Yes.  Yes.  Scroll up.  Disagreed.  You refused to bet which tells me you are afraid of losing....and we both know why.


----------



## WinterBorn (Sep 19, 2016)

Divine.Wind said:


> WinterBorn said:
> 
> 
> > ...I have not whined about how my lifestyle is portrayed.....
> ...



Well before you offered the bet, I challenged you to provide evidence of the claim you have made repeatedly.  You refuse.  That speaks volumes.

You came into a thread about the second 50 Shades video, and made ridiculous claims.  Then you got pissy when you were corrected.  It has been laughable since then.


----------



## Divine Wind (Sep 19, 2016)

WinterBorn said:


> *Well before you offered the bet, I challenged you to provide evidence of the claim you have made repeatedly.  You refuse.  That speaks volumes.*
> 
> You came into a thread about the second 50 Shades video, and made ridiculous claims.  Then you got pissy when you were corrected.  It has been laughable since then.


Translation:  _No, I won't take a bet I know I'd lose.  Why didn't you respond to the false statement I made against you? _

What's my ridiculous claim?  That the relationship in the movie "Fifty Shades Darker" is Sadomasochistic? 

The Only Redeeming Thing About The Fifty Shades Darker Trailer Is Miguel’s Beyoncé Cover | SPIN
_Next Valentine's Day weekend, Fifty Shades of Grey is getting a sequel hotly anticipated by no one you should bother hanging out with.
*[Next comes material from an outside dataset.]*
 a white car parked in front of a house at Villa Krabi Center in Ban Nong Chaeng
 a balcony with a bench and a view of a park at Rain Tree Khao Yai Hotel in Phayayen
The upcoming entry of the *sadomasochistic* horror series, titled Fifty Shades Darker, will feature more sadomasochism, more mysterious white guy stares, yachts, and plenty more zest._

Speed Read: 12 Naughty Bits From ‘50 Shades Darker’
_The media frenzy over 50 Shades of Grey’s *sadomasochistic *antics and hackneyed narrative has subsided, but the trilogy continues to top bestseller lists and bedside tables_.


----------



## WinterBorn (Sep 19, 2016)

Divine.Wind said:


> Darkwind said:
> 
> 
> > I'm thinking he is confused because the entire lifestyle always gets lumped in with a "BDSM" label.   D/s lifestyle, as you say, is part of the label, but separate from the S&M....but often incorporates some bondage.
> ...



And this was you back pedaling too


----------



## WinterBorn (Sep 19, 2016)

Divine.Wind said:


> WinterBorn said:
> 
> 
> > And the term BDSM is simply grouping 3 things together.    Having them in the same basic group is not the same as saying D/s is S&M.
> ...



Yes, you did say D/s is S&M.  Try remembering what you post.


----------



## WinterBorn (Sep 19, 2016)

Divine.Wind said:


> WinterBorn said:
> 
> 
> > *Well before you offered the bet, I challenged you to provide evidence of the claim you have made repeatedly.  You refuse.  That speaks volumes.*
> ...



Nice try at moving the goal posts.    You said D/s is S&M.   Then back pedaled.


----------



## Divine Wind (Sep 19, 2016)

Dominance and submission - Wikipedia, the free encyclopedia

_*Dominance and submission* (also called *D/s*) is a set of behaviors, customs, and rituals involving the submission of one person to another in an erotic episode or lifestyle. *It is a subset of BDSM.*_


----------



## G.T. (Sep 19, 2016)

u 2 dudes arguing about this is a tittybit weird maybe


----------



## WinterBorn (Sep 19, 2016)

Divine.Wind said:


> Dominance and submission - Wikipedia, the free encyclopedia
> 
> _*Dominance and submission* (also called *D/s*) is a set of behaviors, customs, and rituals involving the submission of one person to another in an erotic episode or lifestyle. *It is a subset of BDSM.*_



Yes, it is a subset of BDSM.   I never argued it wasn't.    I argued it is not S&M.   I already gave you the definition of BDSM.   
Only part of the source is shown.